EXERCISE PROMPT
Make an exact transcript of the lines in the data below, starting with the one containing "Sweat à capuche" and going on through the one containing "Inspire Essentials SnowGlow", with both included and the pictures left out.

Top of THE DATA

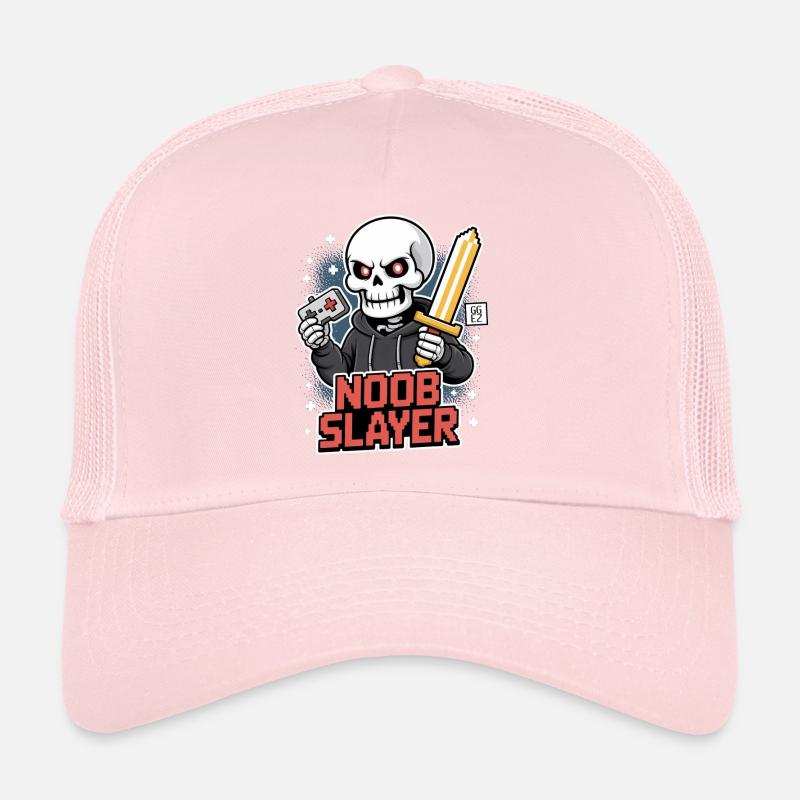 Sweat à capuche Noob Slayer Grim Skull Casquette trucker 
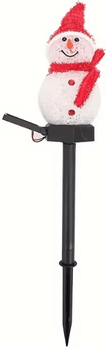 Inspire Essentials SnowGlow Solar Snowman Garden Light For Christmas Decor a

Bottom of THE DATA
Top of THE DATA

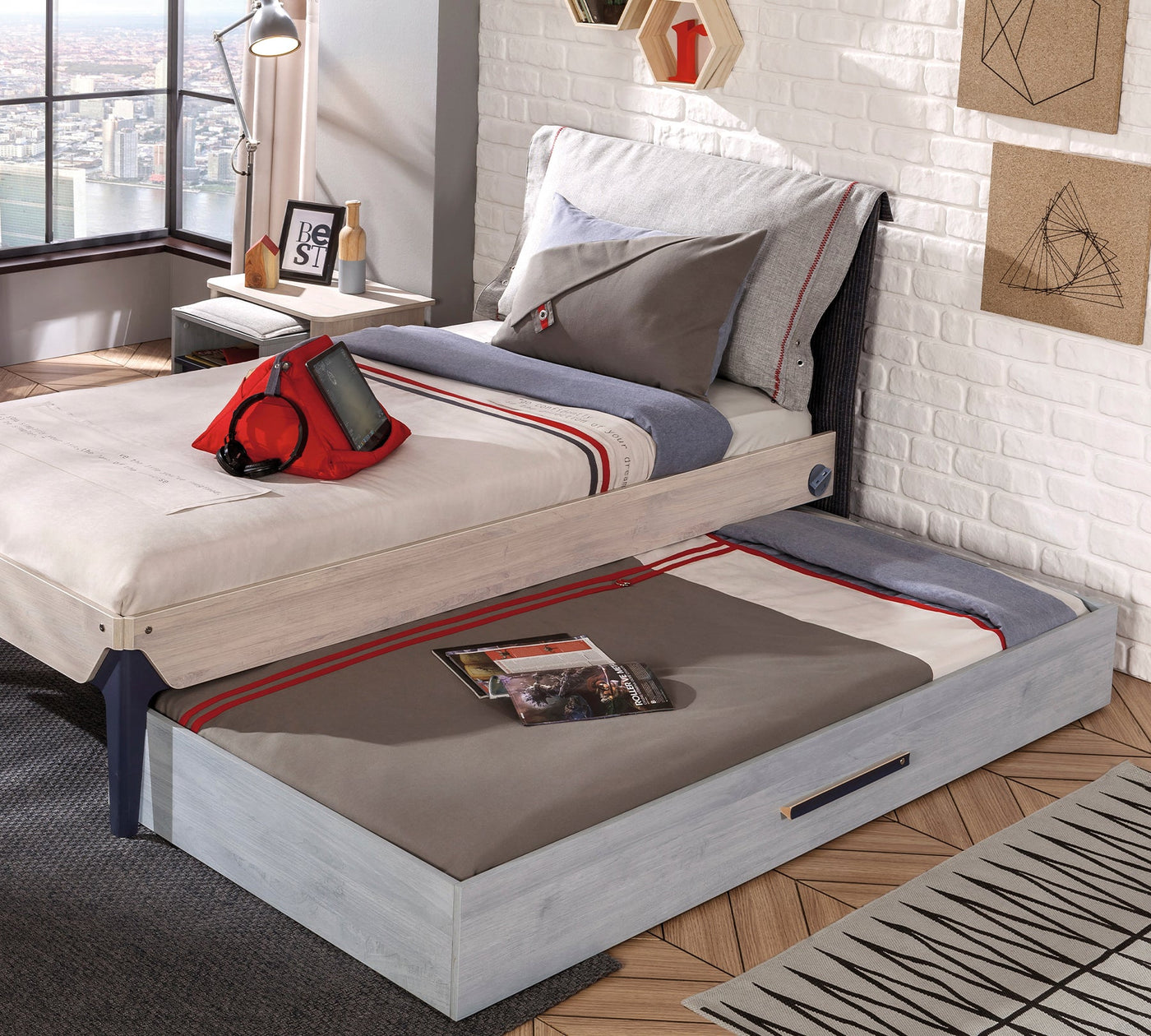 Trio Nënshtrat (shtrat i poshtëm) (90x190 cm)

Bottom of THE DATA

ANSWER TO THE EXERCISE
 Sweat à capuche Noob Slayer Grim Skull Casquette trucker 
 Inspire Essentials SnowGlow Solar Snowman Garden Light For Christmas Decor a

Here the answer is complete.